INFORMATION GIVEN:

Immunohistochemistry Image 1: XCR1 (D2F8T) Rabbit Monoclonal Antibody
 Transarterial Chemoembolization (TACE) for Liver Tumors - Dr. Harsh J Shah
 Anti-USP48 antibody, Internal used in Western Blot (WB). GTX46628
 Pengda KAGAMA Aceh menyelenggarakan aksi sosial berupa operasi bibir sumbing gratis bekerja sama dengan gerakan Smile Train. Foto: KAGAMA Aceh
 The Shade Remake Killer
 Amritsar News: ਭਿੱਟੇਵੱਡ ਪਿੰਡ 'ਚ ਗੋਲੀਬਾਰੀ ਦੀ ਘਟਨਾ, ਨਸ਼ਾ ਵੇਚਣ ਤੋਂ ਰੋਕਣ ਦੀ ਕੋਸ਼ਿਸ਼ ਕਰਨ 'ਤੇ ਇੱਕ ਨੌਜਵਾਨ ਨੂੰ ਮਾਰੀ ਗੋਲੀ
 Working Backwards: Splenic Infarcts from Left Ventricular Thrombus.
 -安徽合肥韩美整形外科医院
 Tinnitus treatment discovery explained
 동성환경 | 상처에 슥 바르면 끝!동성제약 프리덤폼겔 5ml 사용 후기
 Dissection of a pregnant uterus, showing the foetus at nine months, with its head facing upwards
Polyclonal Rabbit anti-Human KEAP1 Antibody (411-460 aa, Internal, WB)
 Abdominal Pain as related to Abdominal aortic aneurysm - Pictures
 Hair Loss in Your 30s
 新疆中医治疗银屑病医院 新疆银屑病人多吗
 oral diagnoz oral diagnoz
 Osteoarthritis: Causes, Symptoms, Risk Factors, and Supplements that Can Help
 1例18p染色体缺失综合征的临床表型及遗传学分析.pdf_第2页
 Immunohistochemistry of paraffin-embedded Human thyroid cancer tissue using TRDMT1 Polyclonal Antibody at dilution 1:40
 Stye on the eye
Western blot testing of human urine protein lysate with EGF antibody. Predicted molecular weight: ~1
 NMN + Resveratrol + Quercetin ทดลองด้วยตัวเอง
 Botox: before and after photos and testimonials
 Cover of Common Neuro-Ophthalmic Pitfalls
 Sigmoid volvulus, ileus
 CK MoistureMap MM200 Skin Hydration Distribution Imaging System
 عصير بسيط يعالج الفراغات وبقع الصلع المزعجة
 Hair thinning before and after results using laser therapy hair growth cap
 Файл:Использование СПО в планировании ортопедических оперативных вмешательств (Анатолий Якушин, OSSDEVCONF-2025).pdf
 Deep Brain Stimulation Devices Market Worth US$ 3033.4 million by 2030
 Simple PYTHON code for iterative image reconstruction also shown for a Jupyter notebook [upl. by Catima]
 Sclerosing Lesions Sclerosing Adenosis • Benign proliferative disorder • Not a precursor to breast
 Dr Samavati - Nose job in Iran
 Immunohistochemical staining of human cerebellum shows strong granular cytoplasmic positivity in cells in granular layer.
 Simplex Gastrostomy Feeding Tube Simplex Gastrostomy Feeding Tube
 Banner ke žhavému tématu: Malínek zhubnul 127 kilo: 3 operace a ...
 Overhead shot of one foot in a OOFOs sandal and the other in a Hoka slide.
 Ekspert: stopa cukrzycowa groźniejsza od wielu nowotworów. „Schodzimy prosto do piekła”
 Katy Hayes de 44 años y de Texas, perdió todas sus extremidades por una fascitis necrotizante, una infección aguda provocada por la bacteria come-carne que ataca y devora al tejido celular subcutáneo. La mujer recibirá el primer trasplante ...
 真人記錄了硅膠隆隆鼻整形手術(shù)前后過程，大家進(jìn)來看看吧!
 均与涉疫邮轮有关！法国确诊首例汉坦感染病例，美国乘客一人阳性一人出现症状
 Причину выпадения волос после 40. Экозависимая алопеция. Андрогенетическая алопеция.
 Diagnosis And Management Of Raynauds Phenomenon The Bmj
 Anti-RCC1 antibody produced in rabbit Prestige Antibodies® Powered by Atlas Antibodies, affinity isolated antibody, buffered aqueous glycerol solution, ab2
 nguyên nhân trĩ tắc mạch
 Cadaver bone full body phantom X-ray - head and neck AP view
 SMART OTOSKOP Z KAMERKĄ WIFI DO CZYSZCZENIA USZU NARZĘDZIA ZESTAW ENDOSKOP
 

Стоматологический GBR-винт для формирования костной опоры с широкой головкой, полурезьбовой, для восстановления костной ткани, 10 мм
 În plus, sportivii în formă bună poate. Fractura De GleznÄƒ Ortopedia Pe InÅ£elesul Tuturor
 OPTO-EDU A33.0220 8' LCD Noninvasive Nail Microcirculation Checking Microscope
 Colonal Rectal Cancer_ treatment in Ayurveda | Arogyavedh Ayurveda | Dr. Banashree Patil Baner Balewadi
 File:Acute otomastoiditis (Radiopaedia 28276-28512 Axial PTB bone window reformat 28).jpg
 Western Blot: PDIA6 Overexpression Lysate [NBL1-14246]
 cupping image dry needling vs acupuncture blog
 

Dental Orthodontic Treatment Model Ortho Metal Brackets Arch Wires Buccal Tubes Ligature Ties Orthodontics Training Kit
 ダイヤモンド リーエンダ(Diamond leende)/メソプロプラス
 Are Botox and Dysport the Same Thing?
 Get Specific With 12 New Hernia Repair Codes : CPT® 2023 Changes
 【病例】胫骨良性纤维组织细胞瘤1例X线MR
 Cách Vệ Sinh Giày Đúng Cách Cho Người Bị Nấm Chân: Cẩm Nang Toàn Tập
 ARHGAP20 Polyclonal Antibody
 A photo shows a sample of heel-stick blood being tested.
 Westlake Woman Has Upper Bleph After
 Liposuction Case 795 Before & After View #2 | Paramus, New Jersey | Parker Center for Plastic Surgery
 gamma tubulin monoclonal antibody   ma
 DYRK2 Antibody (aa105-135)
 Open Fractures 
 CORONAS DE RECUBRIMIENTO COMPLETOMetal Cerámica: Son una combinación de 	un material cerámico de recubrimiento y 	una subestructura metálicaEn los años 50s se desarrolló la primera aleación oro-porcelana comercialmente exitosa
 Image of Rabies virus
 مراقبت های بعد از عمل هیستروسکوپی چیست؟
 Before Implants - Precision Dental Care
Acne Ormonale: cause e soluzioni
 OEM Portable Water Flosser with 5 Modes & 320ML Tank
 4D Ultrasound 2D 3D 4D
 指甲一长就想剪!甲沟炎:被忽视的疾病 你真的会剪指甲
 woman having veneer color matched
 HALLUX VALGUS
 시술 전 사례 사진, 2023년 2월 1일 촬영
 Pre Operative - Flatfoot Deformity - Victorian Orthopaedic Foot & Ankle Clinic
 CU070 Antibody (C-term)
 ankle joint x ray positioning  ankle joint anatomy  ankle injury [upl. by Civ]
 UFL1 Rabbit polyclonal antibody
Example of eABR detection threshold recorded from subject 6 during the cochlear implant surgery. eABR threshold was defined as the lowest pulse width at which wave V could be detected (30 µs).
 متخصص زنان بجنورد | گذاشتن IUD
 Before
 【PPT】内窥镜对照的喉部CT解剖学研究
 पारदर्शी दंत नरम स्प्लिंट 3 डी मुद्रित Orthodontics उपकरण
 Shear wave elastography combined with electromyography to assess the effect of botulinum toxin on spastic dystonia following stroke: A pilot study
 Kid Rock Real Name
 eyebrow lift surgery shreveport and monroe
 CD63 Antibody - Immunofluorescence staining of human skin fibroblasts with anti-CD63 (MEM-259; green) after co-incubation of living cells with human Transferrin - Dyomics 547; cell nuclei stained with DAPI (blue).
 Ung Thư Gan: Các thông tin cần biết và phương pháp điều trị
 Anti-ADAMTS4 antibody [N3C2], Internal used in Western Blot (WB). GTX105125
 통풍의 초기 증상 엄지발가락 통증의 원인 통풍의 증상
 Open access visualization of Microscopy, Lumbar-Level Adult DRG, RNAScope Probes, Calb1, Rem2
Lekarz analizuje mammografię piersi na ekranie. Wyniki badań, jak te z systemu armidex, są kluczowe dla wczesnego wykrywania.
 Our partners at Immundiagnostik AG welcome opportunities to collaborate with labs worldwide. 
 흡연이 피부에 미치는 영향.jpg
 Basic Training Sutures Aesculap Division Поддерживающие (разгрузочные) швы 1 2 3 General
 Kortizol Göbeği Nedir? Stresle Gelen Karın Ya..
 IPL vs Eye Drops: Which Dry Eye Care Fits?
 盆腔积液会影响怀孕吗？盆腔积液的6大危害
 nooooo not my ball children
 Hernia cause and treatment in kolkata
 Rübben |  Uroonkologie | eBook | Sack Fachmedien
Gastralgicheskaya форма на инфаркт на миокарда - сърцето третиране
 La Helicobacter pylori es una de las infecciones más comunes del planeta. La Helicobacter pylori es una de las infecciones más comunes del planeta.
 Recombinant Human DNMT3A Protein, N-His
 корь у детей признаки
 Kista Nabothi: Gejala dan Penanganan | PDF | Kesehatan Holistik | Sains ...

TASK PROMPT: Everything from the first line of the records through the line containing "Anti-USP48 antibody, Internal" is to be set down exactly, while later lines are left out.

FINISHED TASK:
Immunohistochemistry Image 1: XCR1 (D2F8T) Rabbit Monoclonal Antibody
 Transarterial Chemoembolization (TACE) for Liver Tumors - Dr. Harsh J Shah
 Anti-USP48 antibody, Internal used in Western Blot (WB). GTX46628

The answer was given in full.